■ TASK PROMPT ■
Would you reproduce each of the records below precisely, with the pictures left out?

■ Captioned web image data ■

*** Begin section ***

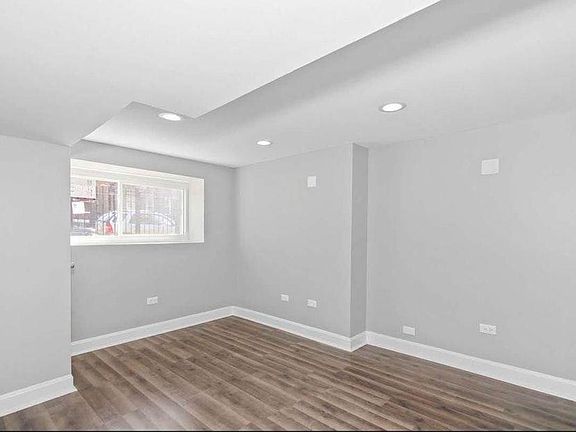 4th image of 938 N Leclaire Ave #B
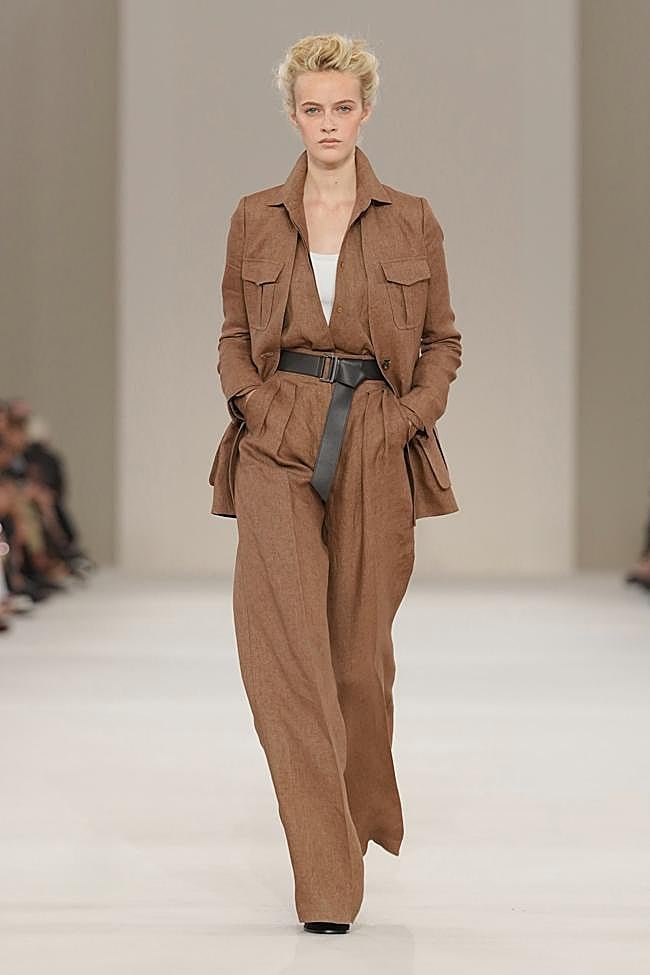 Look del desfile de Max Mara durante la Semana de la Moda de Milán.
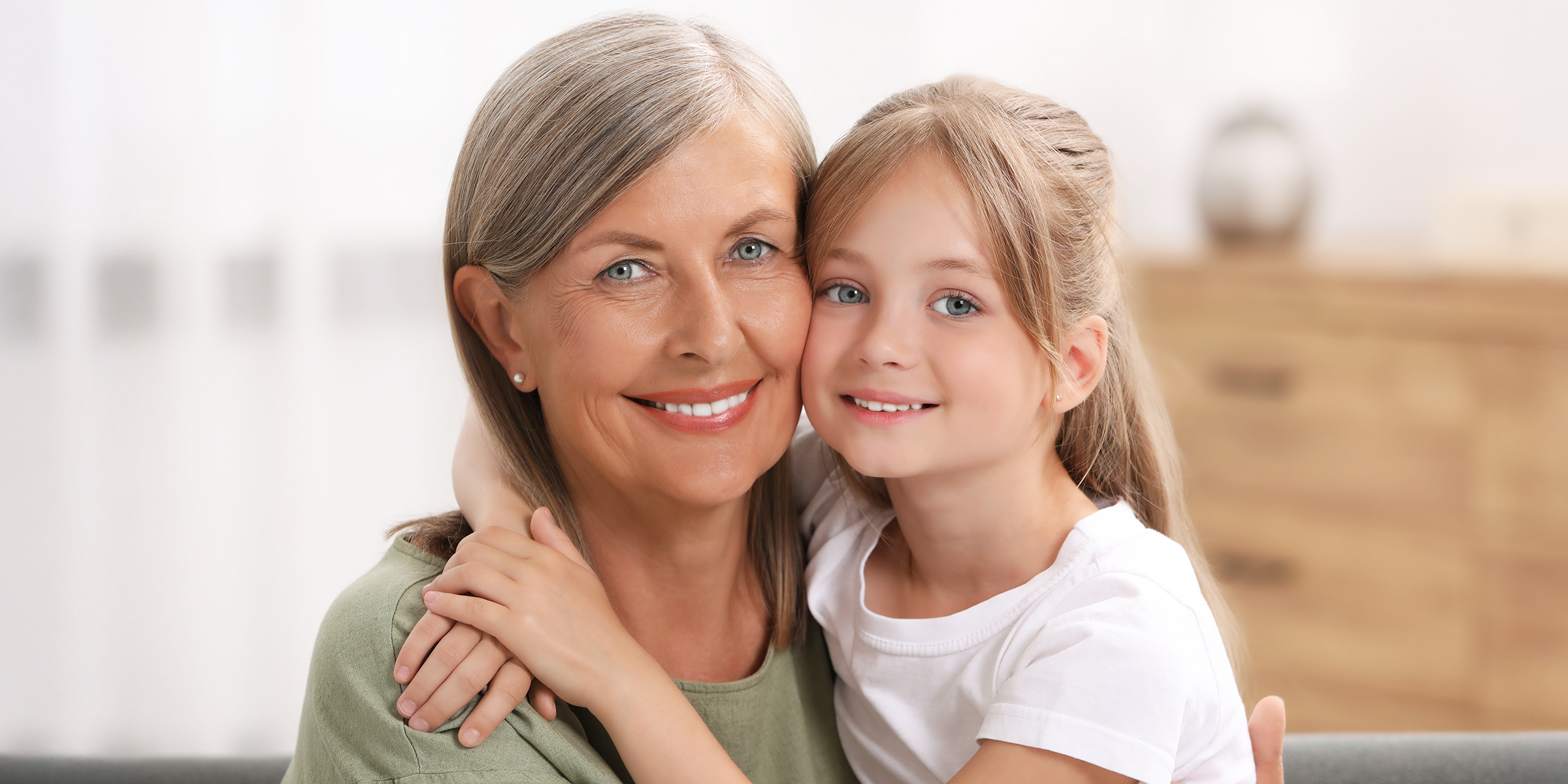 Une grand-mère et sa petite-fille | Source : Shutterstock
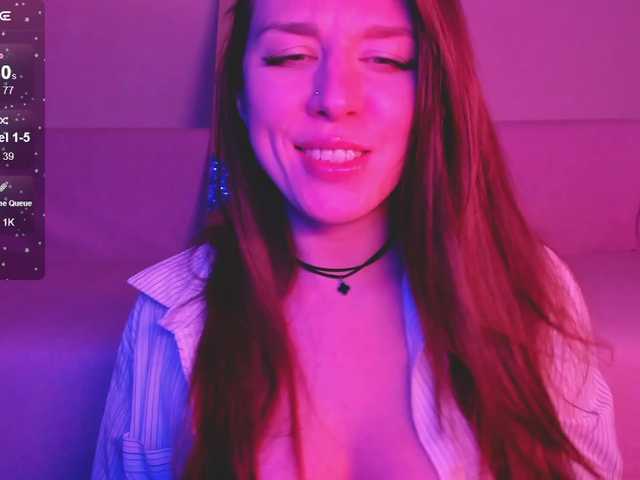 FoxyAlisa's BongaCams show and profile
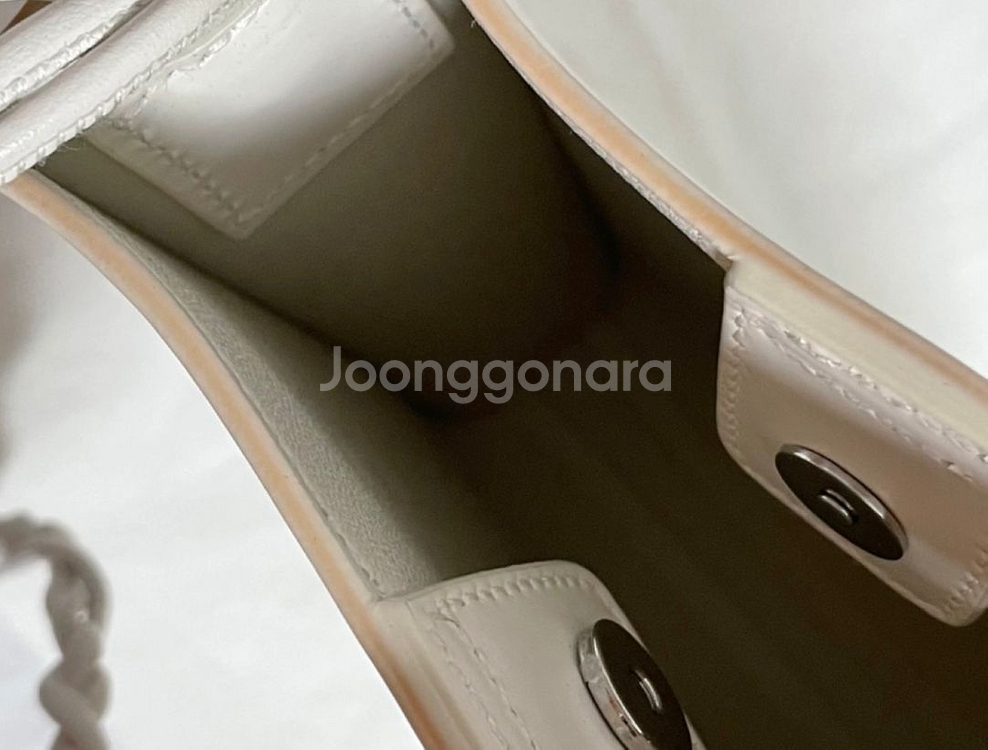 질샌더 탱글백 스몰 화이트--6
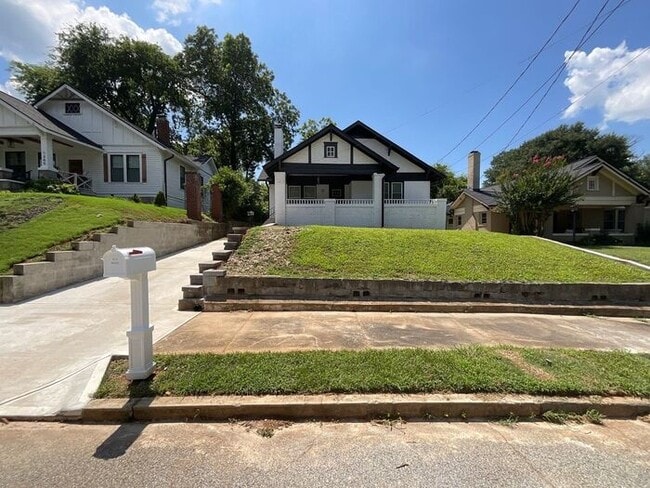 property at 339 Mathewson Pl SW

*** End section ***

■ RESULT OF THE EXERCISE ■
 4th image of 938 N Leclaire Ave #B
 Look del desfile de Max Mara durante la Semana de la Moda de Milán.
 Une grand-mère et sa petite-fille | Source : Shutterstock
 FoxyAlisa's BongaCams show and profile
 질샌더 탱글백 스몰 화이트--6
 property at 339 Mathewson Pl SW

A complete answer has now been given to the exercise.